I have a pi 4 with a power supply straight from the official people. I tried to set it up with an SSD using this enclosure. It kinda acted like it was working, got past the point where it would tell me if I didn't have a new enough version to boot from USB, then showed me a wall of nonsense.

Edit: click to embiggen. Photo ended up way bigger than I intended.

I googled and found people with the same error messages, but not the same situation, and was wondering if any of y'all have any thoughts. Suggestions included problems with the power supply, but I'm not sure (or sure how to tell) if that means getting a new cord or a powered dick or what.

Blue Footed Booby fucked around with this message at 01:24 on Aug 13, 2020

Blue Footed Booby
Oct 4, 2006

got those happy feet

astral posted:

Most likely you either need a powered enclosure for the drive or a powered USB hub in between.

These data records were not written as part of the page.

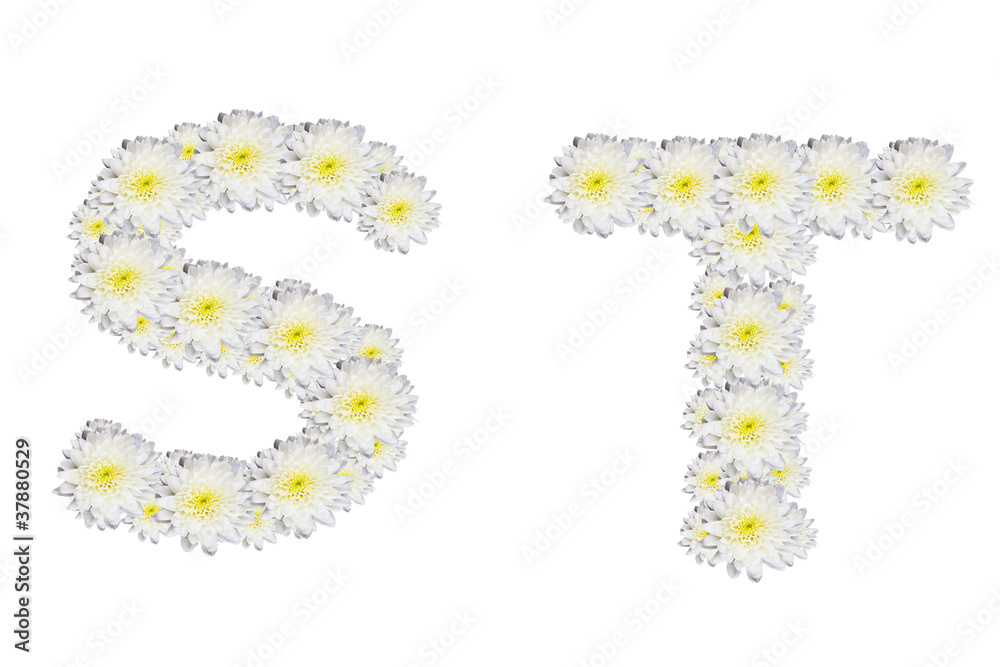 alphabet ST , White Flower isolated on white background alphabet ST , White Flower isolated on white background
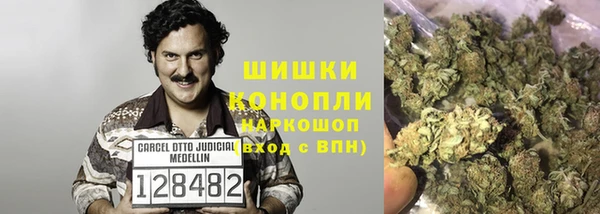 герыч Арсеньев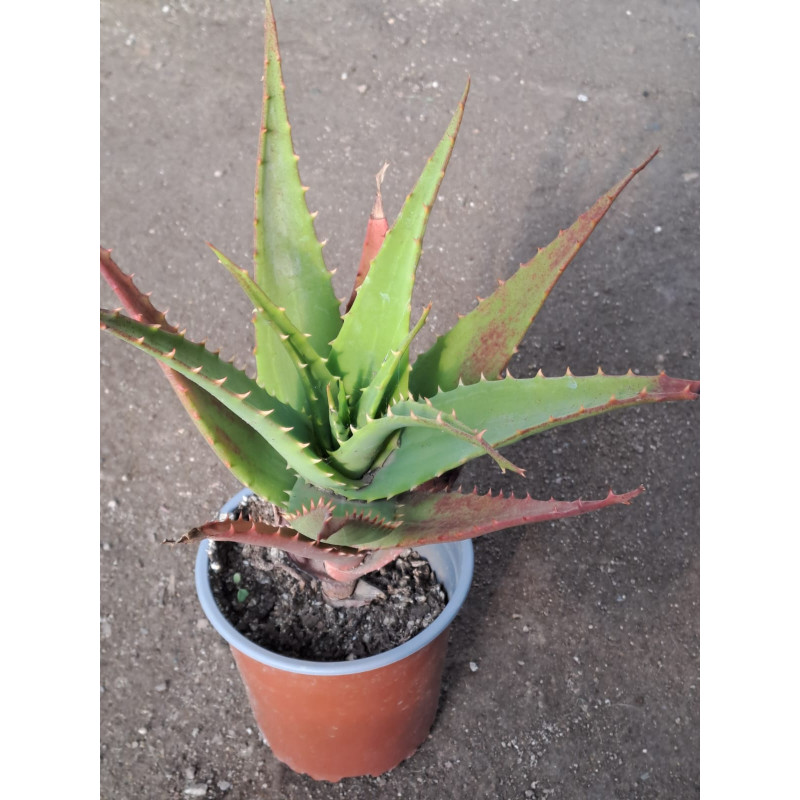 Aloe Megalacantha
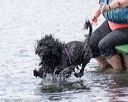 20170819-cwd-0116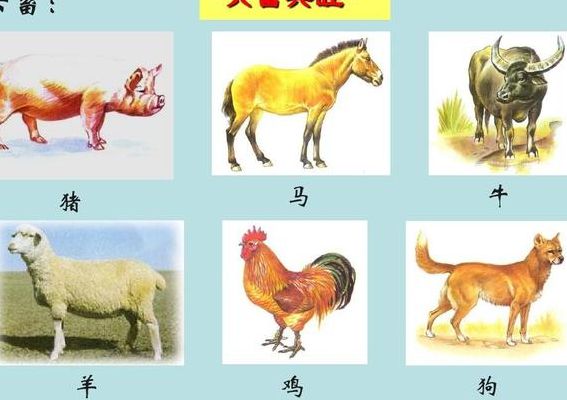 豕代表什么动物（豕代表什么动物）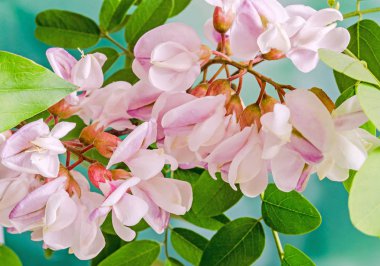 Robinia pseudoacacia ağaç çiçek pembe, siyah çekirge biliyorum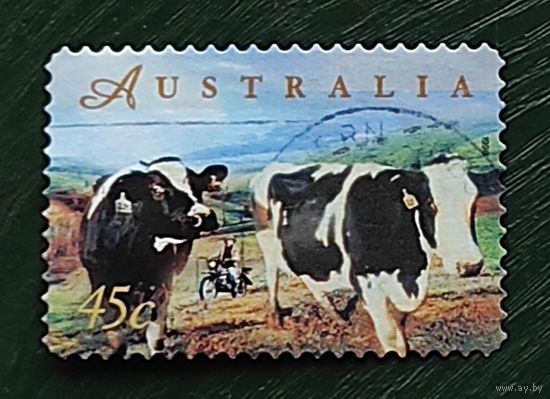 Австралия, 1м коровы гаш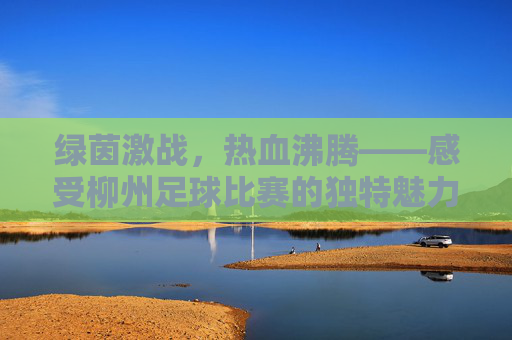 绿茵激战，热血沸腾——感受柳州足球比赛的独特魅力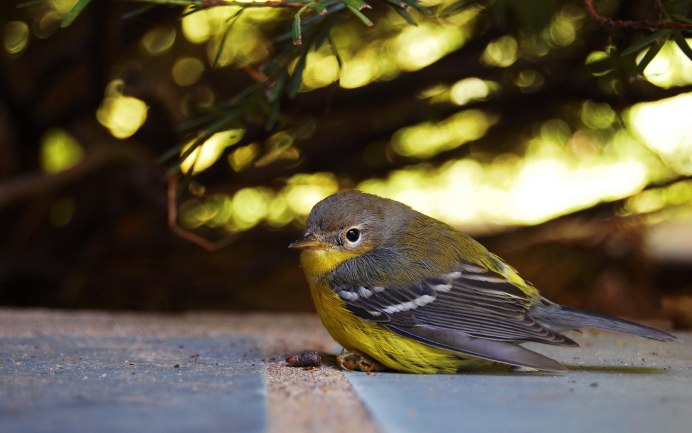 Жёлтая трясогузка (Motacilla Flava). Птицы Сибири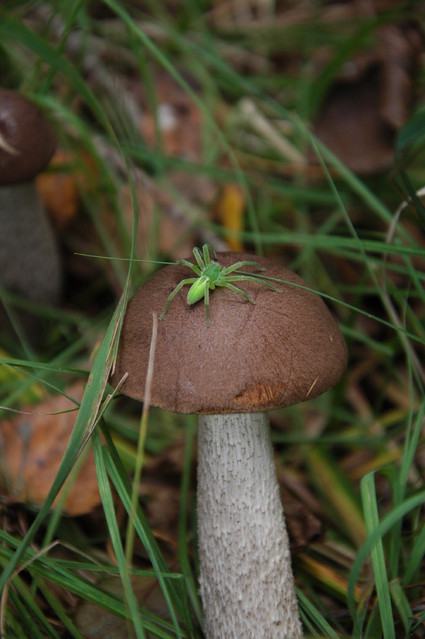 qcyber Koźlarz babka & Spachacz zielony (Micrommata virescens)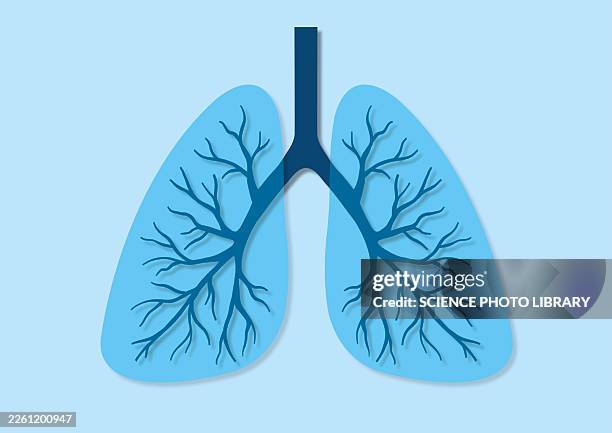 lungs, illustration - lung stock illustrations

Oo, I hadn't thought of the USB hub.

Blue Footed Booby
Oct 4, 2006

got those happy feet

mod sassinator posted:

get a pi4 instead of a pi zero too. a single core proc really sucks for a running as a server, especially one that's so critical that every single web request in your house is blocked by it. the pi 4 runs plain old ubuntu 20.10 now too so you can forget all the garbage hacks and quirks of raspbian too

The zero works fine if you just use pihole. If you have it to do absolutely anything else at the same time it starts to be a problem.

I'd say if you're going out and buying something, just get a 4 so you can fool without it. But if you have a zero lying around it can be your pie hole.

Blue Footed Booby fucked around with this message at 20:19 on Oct 25, 2020

Blue Footed Booby
Oct 4, 2006

got those happy feet

I'm making an image of a pi's SD card so I can write it to...something that isn't an SD card. Win32 Disk Imager tells me runtime so far is 1:80:32. This is fine.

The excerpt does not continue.